As quotas e as eleições internas

É comum dizer-se que todos os modelos eleitorais têm as suas debilidades. Todos servem o interesse geral quando são justos e os comportamentos pessoais adequados. Todos patenteiam fragilidades quando os intervenientes primam por procedimentos pouco claros. Vem isto a propósito das eleições internas. Houve um crescendo de suspeição pela metodologia praticada nas diretas, em todo o leque político-partidário. Não me parece que alguma vez tenha havido extremo rigor na habilitação dos militantes para escolha dos líderes partidários, nacionais ou locais, mas a situação foi atingindo níveis inaceitáveis. No nosso país e em tantos outros, com sistema semelhante ou diferenciado, sempre houve falhas. Até no método de eleições primárias. Um exemplo importado por António Costa que serviu para usurpar a liderança do PS a António José Seguro. Num processo não muito linear, mas que parece vai ser repetido pelos socialistas.
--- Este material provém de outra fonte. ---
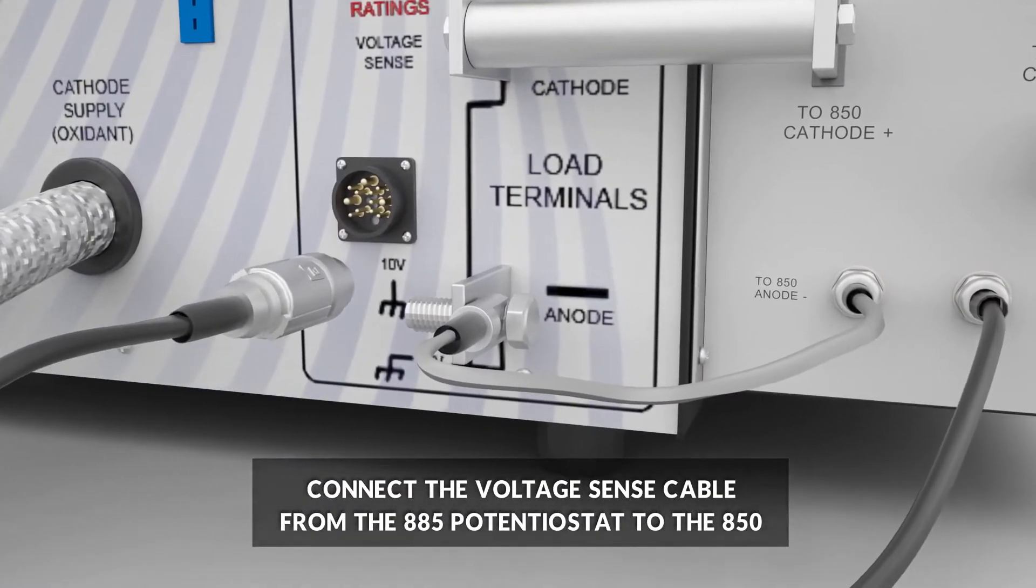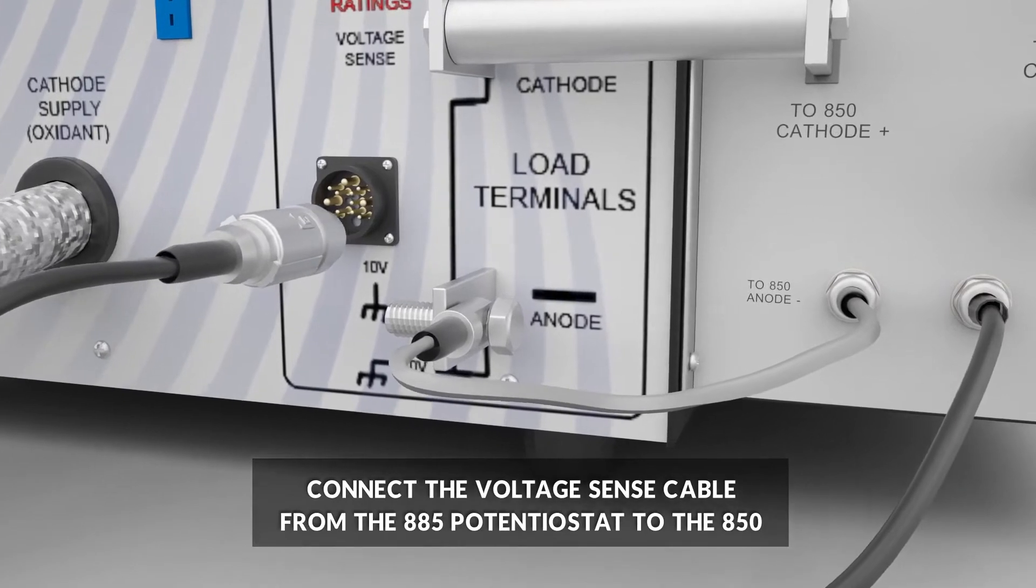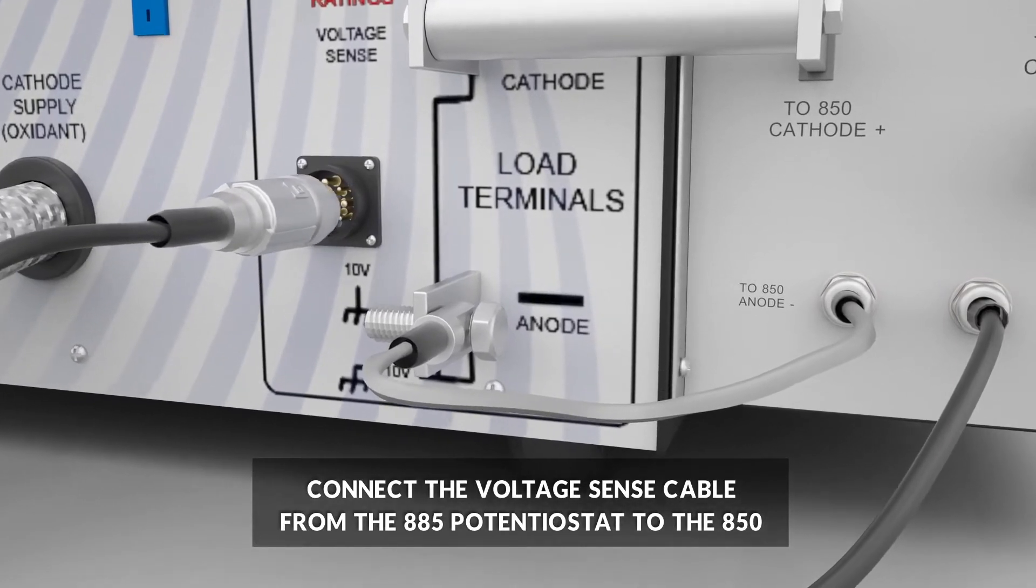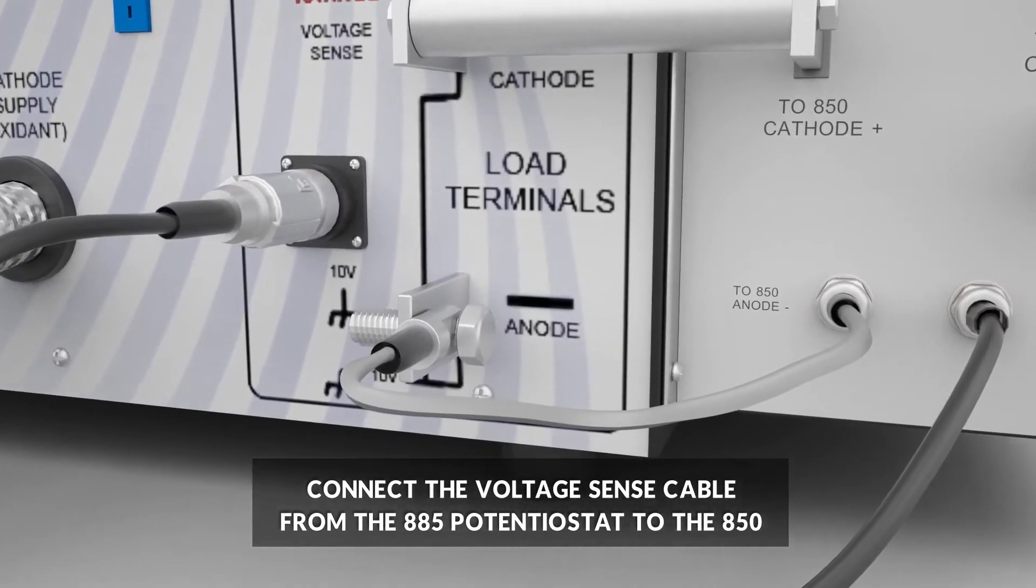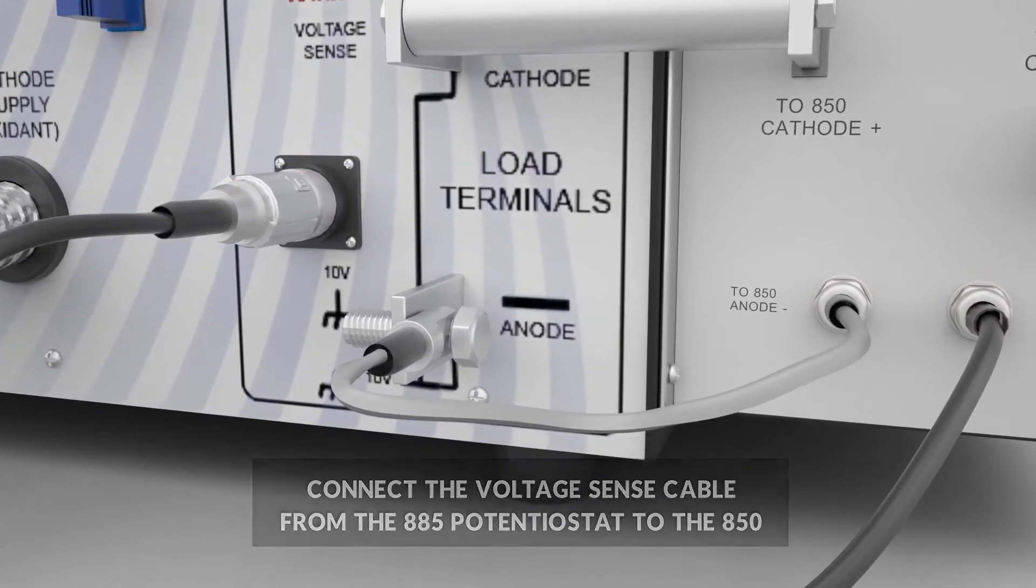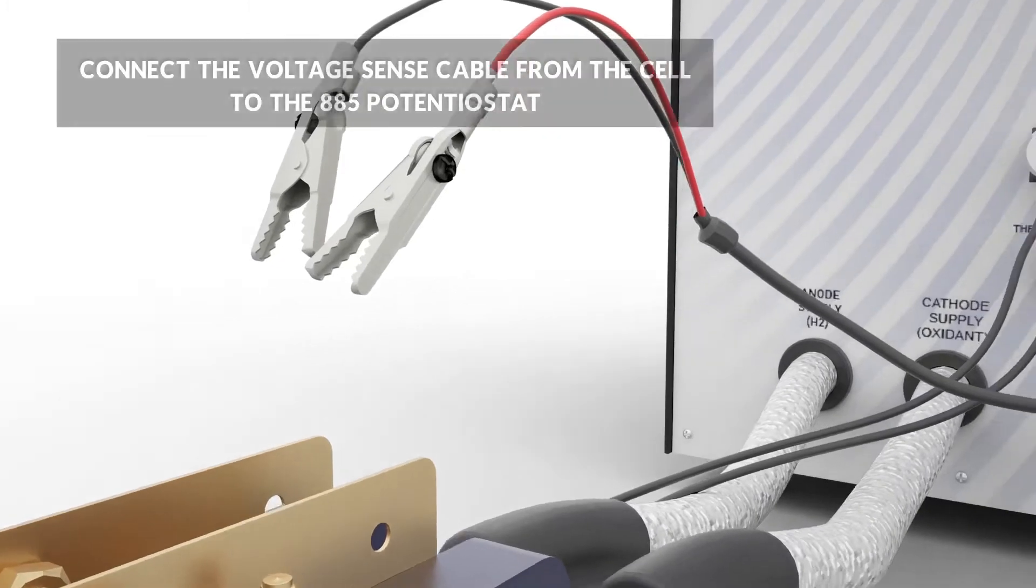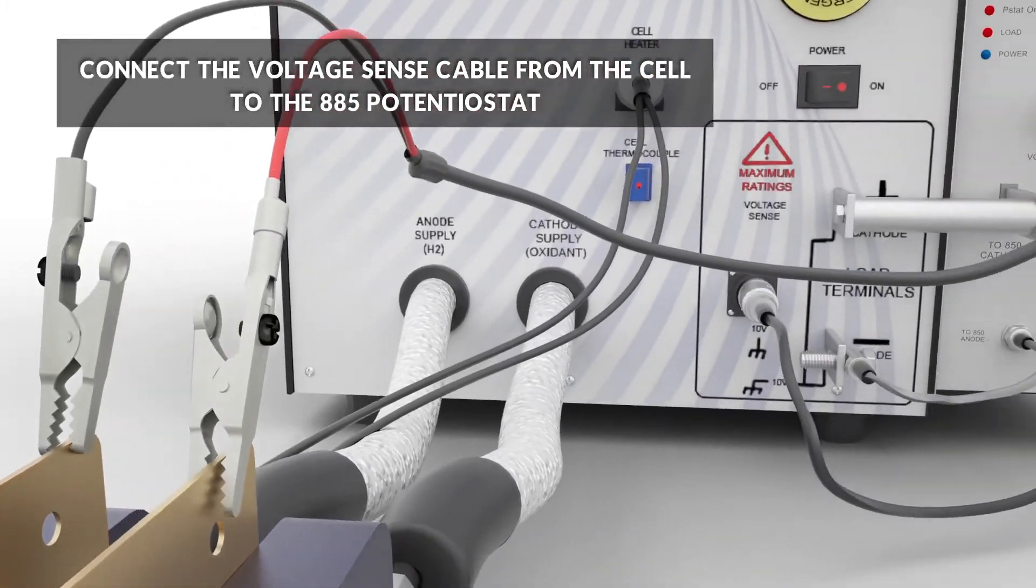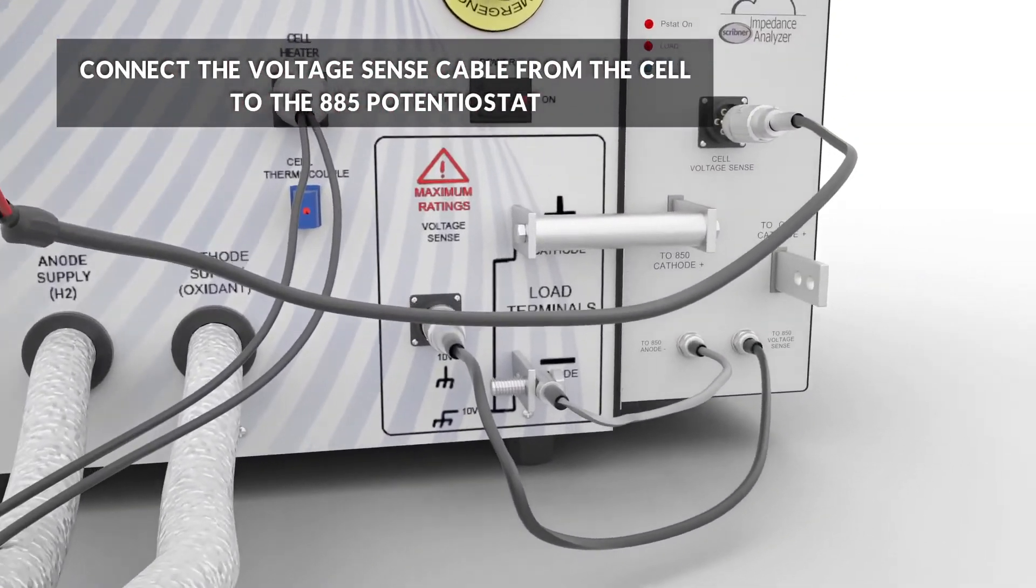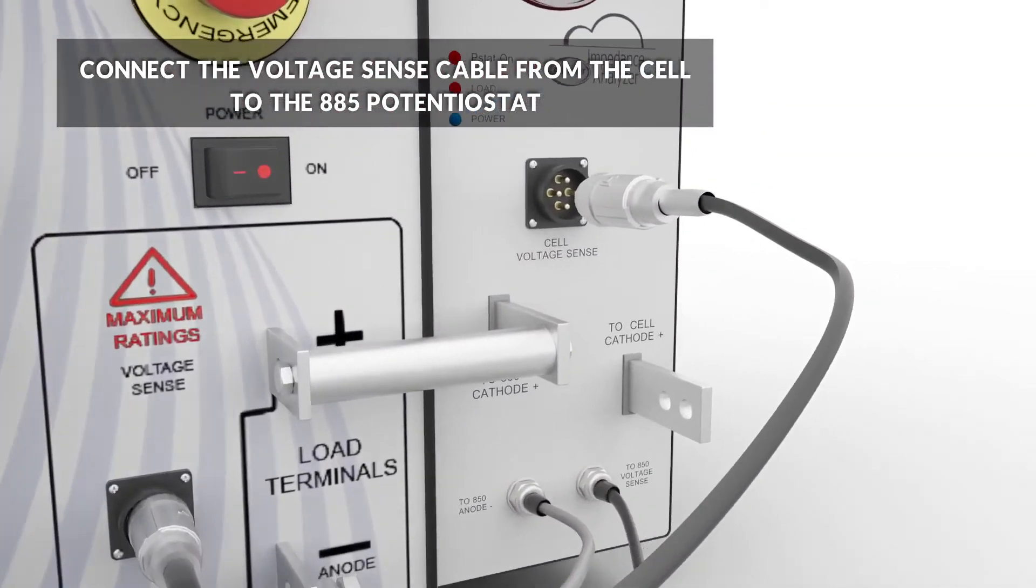Connect the cell voltage sense cable from the 885 potentiostat to the voltage sense connector on the 850. Connect the cell voltage sense cable from the cell to the 885.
Nas nebulosas políticas atuais não há inocentes, em nenhum dos partidos. Todos jogam o mesmo jogo, de alguma forma. Agora, há mais ou menos ética. E por vezes, não há ética nenhuma. Há força e dinheiro. O modelo inicial era o Congresso. Passou-se depois para a eleição direta, por ser mais fidedigna. À partida estaria tudo bem. Mas não! A falta de lisura das práticas atuais criou novas dificuldades, distorcendo, por vezes, os objetivos pretendidos.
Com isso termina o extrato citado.